Gleichwohl ist es dem Betriebsrat sehr wichtig, alles, was erreicht wird, per Newsletter bekanntzumachen und die Beschäftigten zu einem Feedback zu animieren. Beim Thema der höhenverstellbaren Schreibtische etwa gab es einen klassischen Kompromiss: Einen Anspruch darauf haben alle, die ein ärztliches Attest vorweisen, das ihnen ein solches Möbel verordnet.
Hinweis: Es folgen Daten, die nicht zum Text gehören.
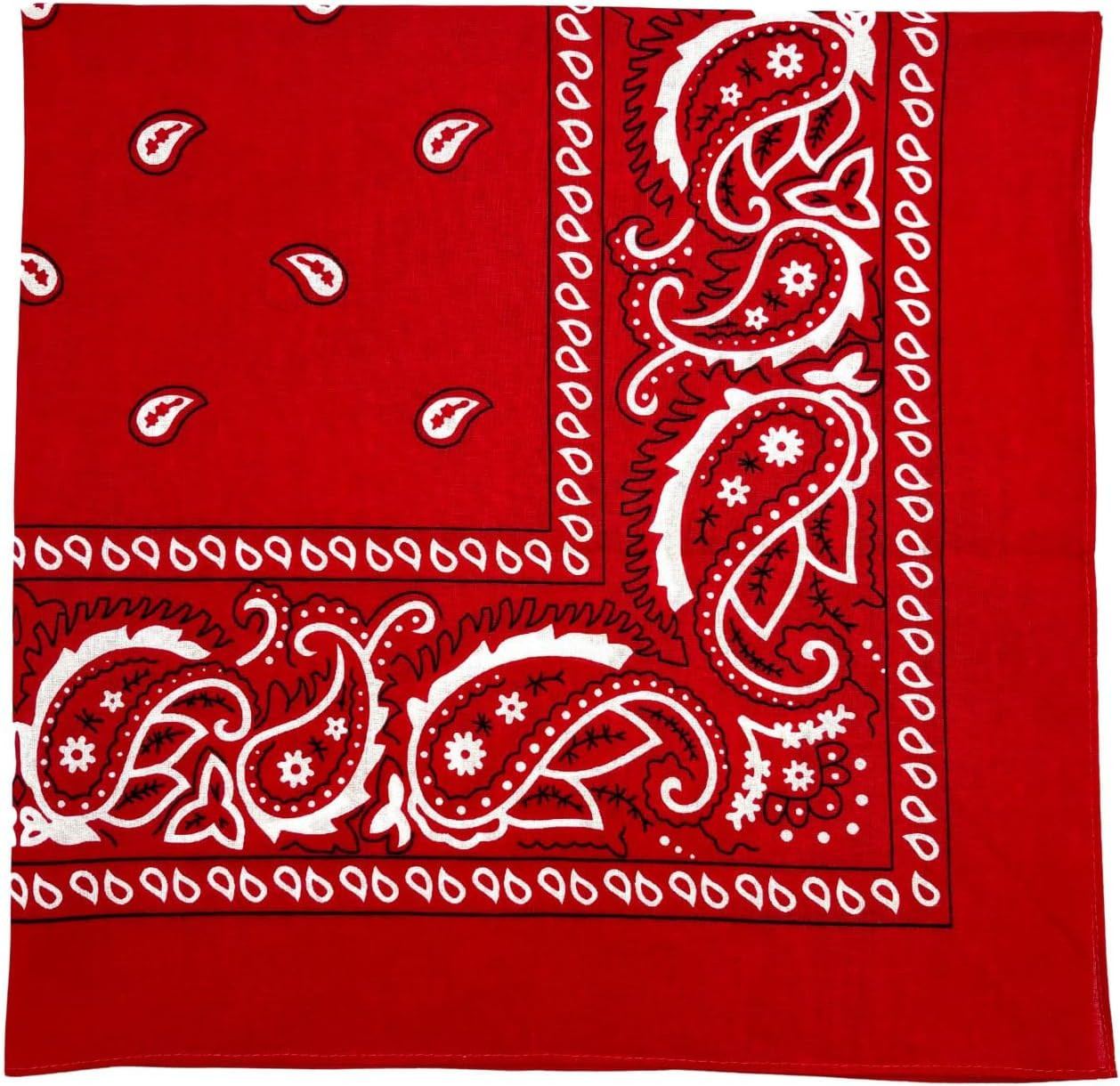 Extra Large Bandana 27” x 27” 100% Cotton for Men & Women Paisley Handkerchief H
Außerdem werden bei anstehenden Renovierungen die Büros ebenfalls mit den modernen Schreibtischen ausgestattet. "Im Sinne der Nachhaltigkeit ist es allerdings auch nicht ganz falsch, einen Teil der vorhandenen Tische vorerst weiter zu nutzen", sagt der Betriebsratsvorsitzende.

Einen richtig großen Erfolg zog die bereits vor der Befragung eingeleitete Untersuchung der Eingruppierungen nach sich. Auch die Gute-Arbeit-Umfrage belegte schließlich, wie unzufrieden viele Beschäftigte damit waren. Die Neubewertungen haben in der Zwischenzeit für 30 Mitarbeiter*innen Höhergruppierungen erbracht. Bleibt das Thema der Bezahlung generell. "Viele würden sich mehr wünschen", sagt Timo Polk. Da Verbesserungen beim Entgelt allerdings von den Tarifparteien ausgehandelt werden, sind an dieser Stelle die Beschäftigten gefragt, sich in ver.di zu engagieren. Mehr Gewerkschaftsmitglieder setzen auch mehr durch.